## EXERCISE:
Would you please repeat exactly the entries below, starting at the line with "Snapshot of _sopranos_" and ending at the line with "Demonstranten mit Schild", and nothing outside that range? Leave out the pictures.

## THE RECORDS:
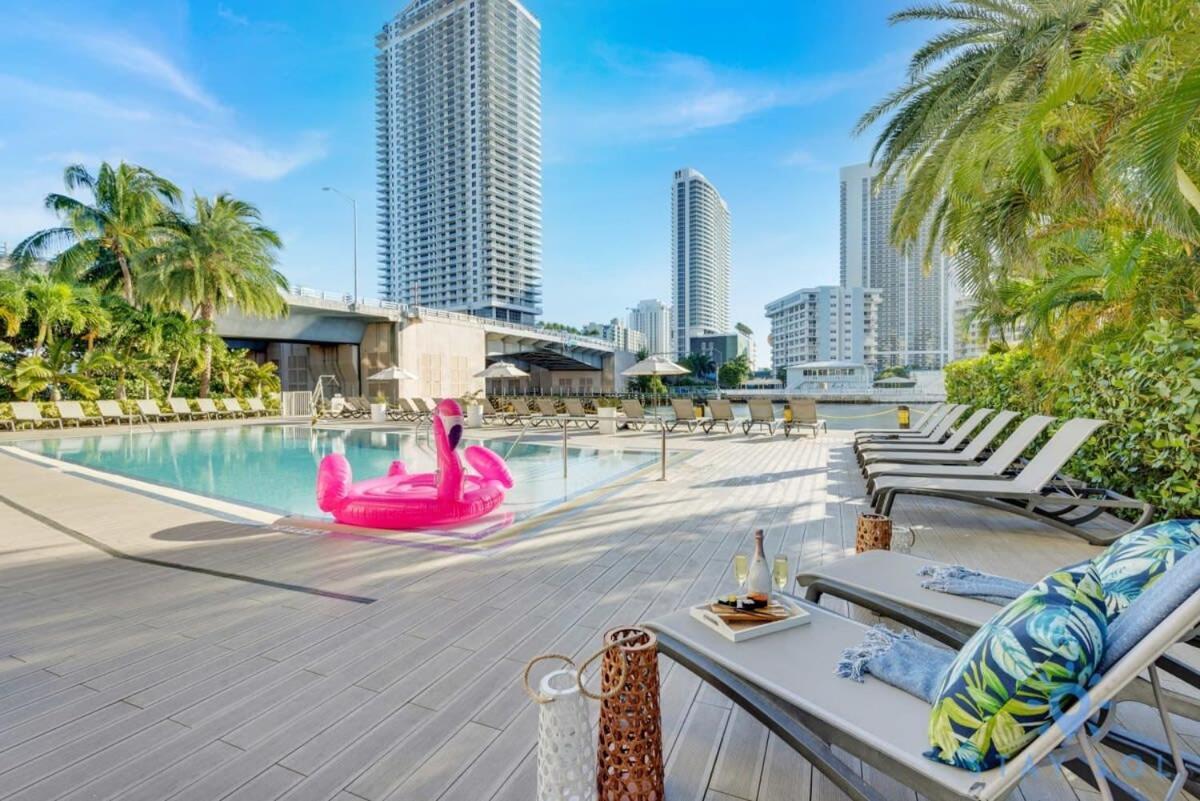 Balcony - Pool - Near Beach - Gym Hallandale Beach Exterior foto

...

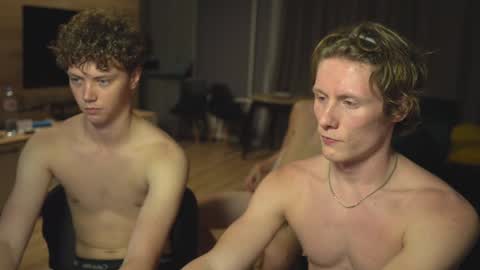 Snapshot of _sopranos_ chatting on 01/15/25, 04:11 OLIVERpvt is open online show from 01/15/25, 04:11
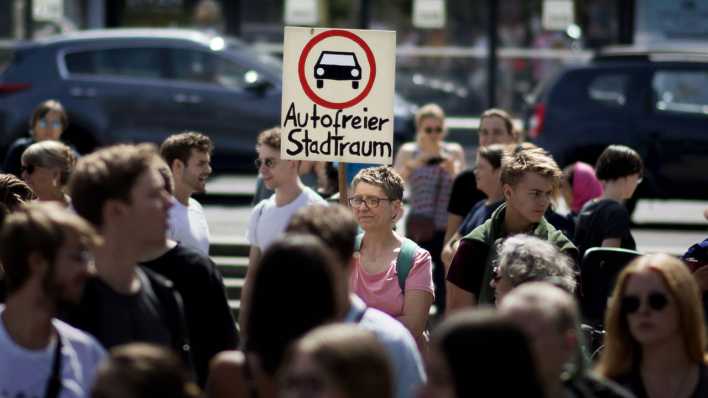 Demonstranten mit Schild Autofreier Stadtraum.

## EXERCISE ANSWER:
 Snapshot of _sopranos_ chatting on 01/15/25, 04:11 OLIVERpvt is open online show from 01/15/25, 04:11
 Demonstranten mit Schild Autofreier Stadtraum.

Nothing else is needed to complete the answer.